Protocol optimization fixes protocols that assumed distance was free. Some applications exchange dozens of small messages to accomplish simple tasks—fine on a LAN, agonizing over a WAN. Optimization appliances combine those messages or answer them locally.

Quality of Service ensures that the CEO's video call doesn't stutter because someone started a large file download. Traffic gets prioritized by importance, not arrival order.

The Internet Is a WAN

The Internet is the planet's largest WAN—millions of networks agreeing to forward each other's traffic.

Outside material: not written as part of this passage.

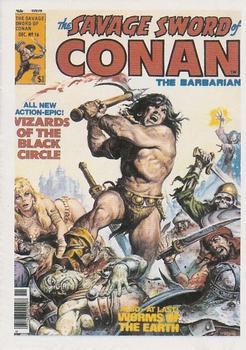 1988 Comic Images Savage Sword of Conan the Barbarian #NNO Issue # 16 Front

But it's a WAN with no guarantees. When you send traffic across the Internet, you're asking dozens of organizations you've never met to carry your data. They'll try. They make no promises about how fast, how reliably, or what priority your traffic gets.

For many purposes, this is fine. Best-effort delivery works for web browsing, email, and most business applications. Encrypt the traffic, and security is adequate.

For other purposes—consistent voice quality, guaranteed bandwidth for critical applications, regulatory compliance—the Internet's lack of guarantees becomes a problem. Private WAN technologies still exist because some guarantees are worth paying for.

Securing the Crossing

WAN traffic crosses territory you don't control. Security becomes essential:

Encryption makes intercepted traffic meaningless. IPsec, TLS, and similar protocols ensure that even if someone captures your bits in transit, they can't read them.

Authentication ensures you're actually talking to your London office, not an imposter. Certificates, keys, and protocols establish identity before sharing sensitive data.

Segmentation contains damage. If guest WiFi gets compromised, it shouldn't provide access to your WAN. Different types of traffic travel different paths with different trust levels.

The Cloud Changes Everything

Traditional WANs connected branch offices to corporate headquarters, where the data center lived.

Today, there often is no central data center. Applications run in AWS. Email lives in Microsoft 365. The CRM is Salesforce. "Headquarters" might just be another office—not the center of the network universe.

This inverts the logic. Why route traffic from a branch office through headquarters to reach AWS, when AWS is closer to the branch than headquarters is? SD-WAN recognizes this and sends cloud-bound traffic directly to the cloud. Direct cloud interconnection services bypass the public Internet entirely, providing dedicated paths into AWS, Azure, and Google Cloud.

The WAN is no longer a hub-and-spoke network centered on corporate headquarters. It's becoming a mesh of connections between everywhere and everywhere—branch offices, cloud providers, SaaS applications, mobile workers, home offices.

The Cost Equation

WAN costs include:

Circuits—monthly charges for bandwidth between locations. Often the largest expense.

Equipment—routers, firewalls, SD-WAN appliances at each site. One-time costs with ongoing maintenance.

Management—people to configure, monitor, and troubleshoot. Tools to provide visibility.

Opportunity cost—the business impact when inadequate WAN capacity means applications run slowly, video calls drop, or remote offices feel like second-class citizens.

SD-WAN and Internet-based approaches often cost less than traditional MPLS. But "cheaper" isn't always "better." The right choice depends on what your applications need, what failures you can tolerate, and what your users will accept.